Twenty startups have been selected from nine African countries to pitch in front of investors that include Dave McClure, Tim Draper and Chris Kirubi.

Angel Fair Africa will take place in Kenya for the first time on November 10-11 following previous editions in Johannesburg, Lagos and Accra, hosted by Angel Africa List and Chanzo Capital.

Keynote speakers McClure, Draper and Kirubi have already been confirmed, and 20 startups have now been selected to pitch in front of them and a wider investor audience.

The selected entrepreneurs include Rita Kimani of Kenya’s Farm Drive, Kenya; Tito Munhequete of Mozambique’s Izy Shop, Ugwem Eneyo of Nigeria’s Solstice, Josephat Mandara of Tanzania’s TIME Tickets, and Joanna Bichsel of Rwanda’s Kasha.

The 20 entrepreneurs will pitch their businesses in a storytelling format in a way that can connect directly with investors. The first day will feature pre-revenue startups, with the second day reserved for those that are post-revenue and raising their second or third round of capital.

Angel Fair Africa will also feature a panel of entrepreneurs sharing their experiences on building companies, putting together a founding team, and key successes and challenges. The panel of entrepreneurs will include Caitlin Dolkart of Flare, Andrew Airelobhegbe of OgaVenue, Eva Muraya of BDS Group, Erik Hersman of BRCK and Selorm Brantie of mPedigree.

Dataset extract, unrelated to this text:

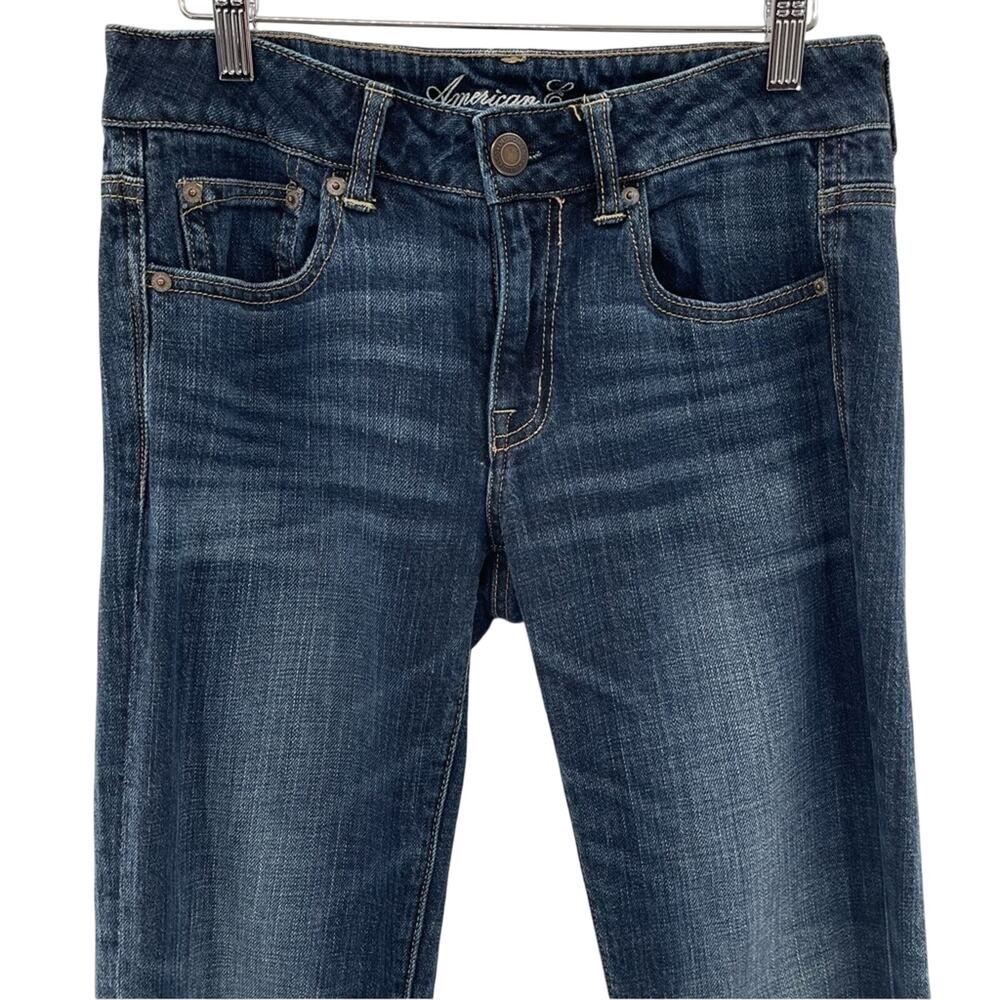 American Eagle Relaxed Baggy Boy Fit Cropped Stretch Jeans Dark Wash Size 2 - Picture 4 of 10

“Africa is in urgent need of real mentoring from experienced “fathers” and “mothers”, and it is time we rose up to that role. Many opportunities are presenting themselves across Africa and if we do not guide the young people then we will have failed as a continent. This is why I am at the forefront when it comes to mentoring and investing in the young people of Africa,” said Chris Kirubi, who will open the event in a keynote fireside chat.

Tim Draper, founding partner of Draper Associates, will be keynoting the second day of the event.

“Africa shows promise to be the economic growth jewel of the next 20 years. As people become more mobile and connected, leaders will have to compete for the businesses and capital of the world, and Africans will benefit,” he said.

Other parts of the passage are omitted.